● Problem
Pictures aside, the output must consist of the lines from the one containing "Extra Deep Queen Sheet Set by CGKUnlimited" through the end of the data, reproduced exactly.

● Given information
☆ ☆ ☆ ☆ ☆

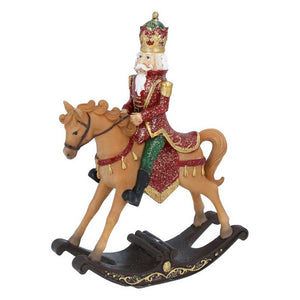 Gisela Graham Resin Nutcracker on Rocking Horse image 0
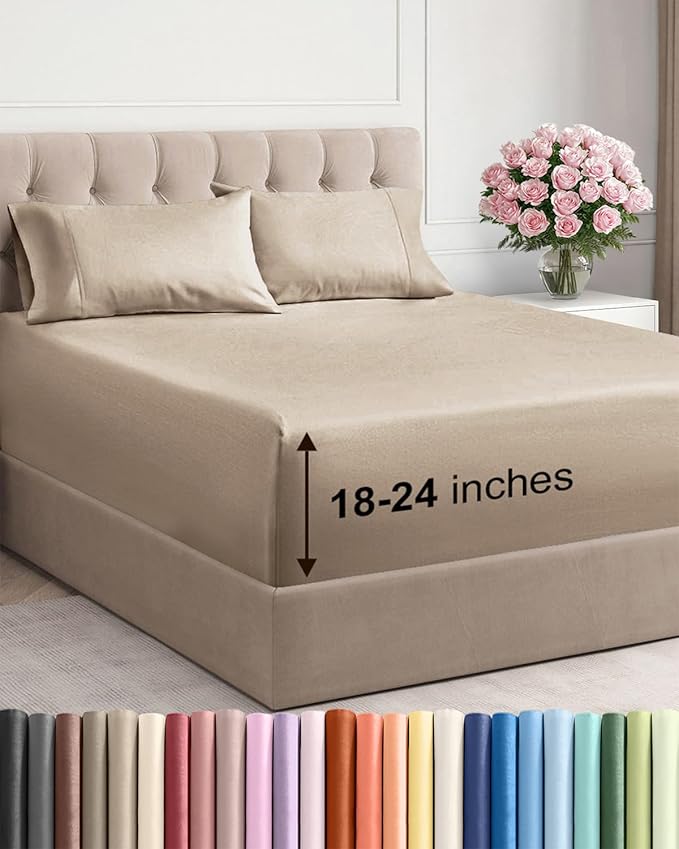 Extra Deep Queen Sheet Set by CGKUnlimited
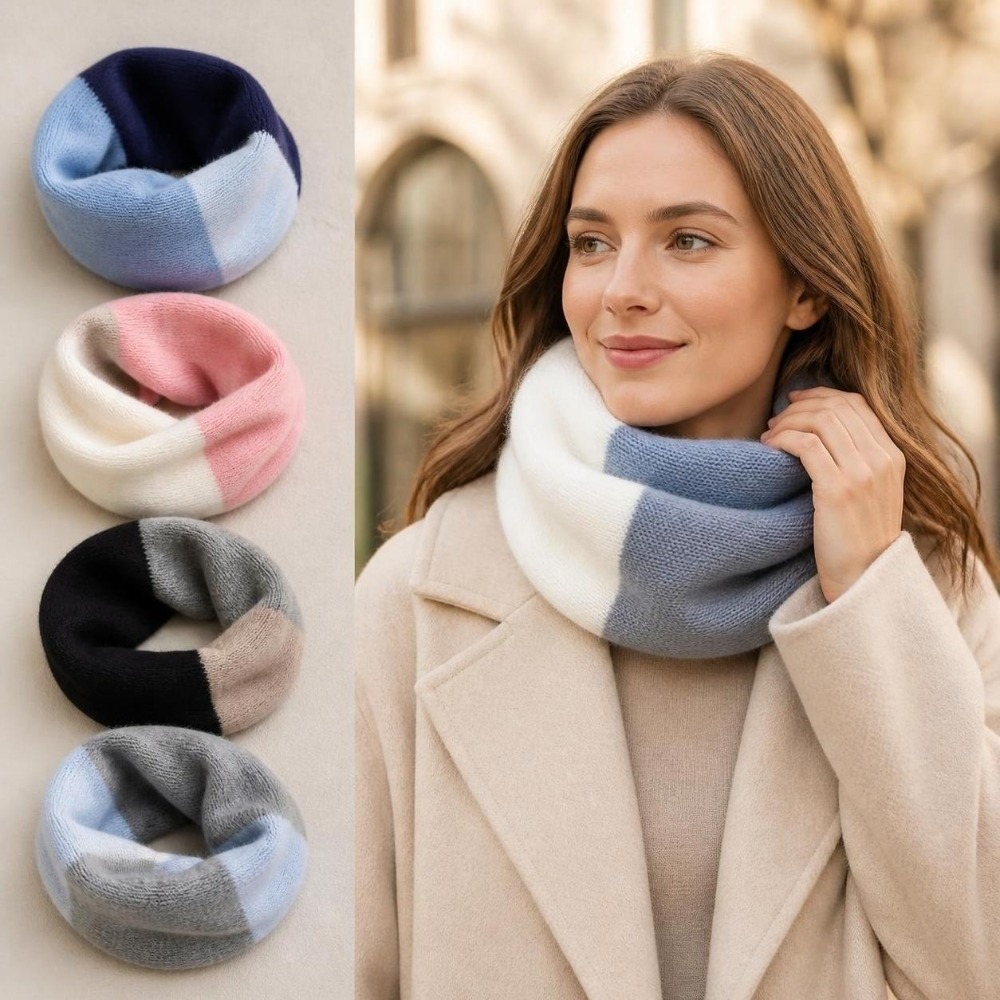 Syal Rajut Warna Gradasi Lembu - Infinity Scarf Knit ulasan dan harga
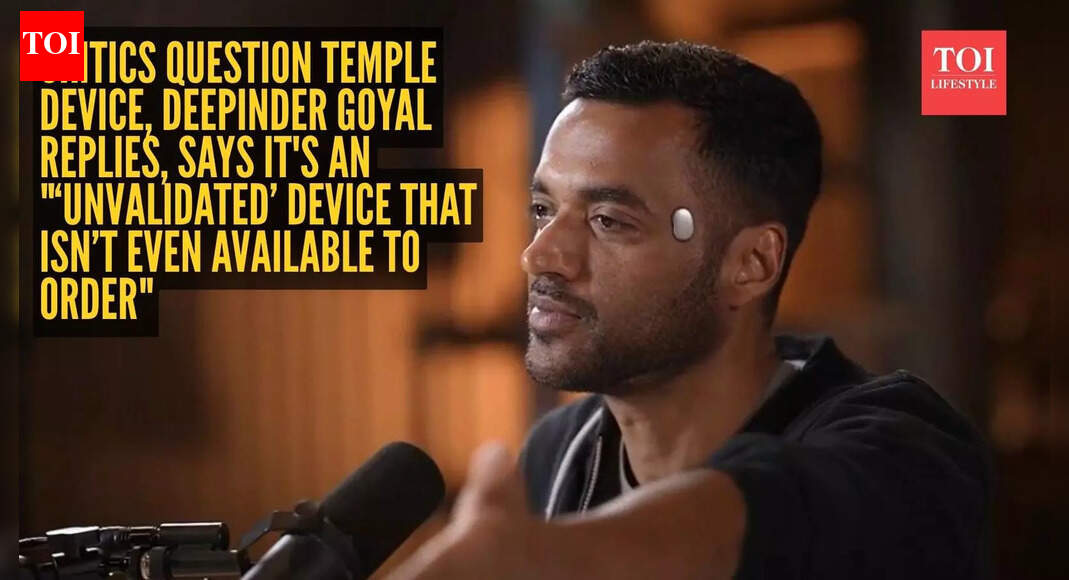Critics question Temple device, Deepinder Goyal replies, says it's an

☆ ☆ ☆ ☆ ☆

● Answer space
 Extra Deep Queen Sheet Set by CGKUnlimited
 Syal Rajut Warna Gradasi Lembu - Infinity Scarf Knit ulasan dan harga
Critics question Temple device, Deepinder Goyal replies, says it's an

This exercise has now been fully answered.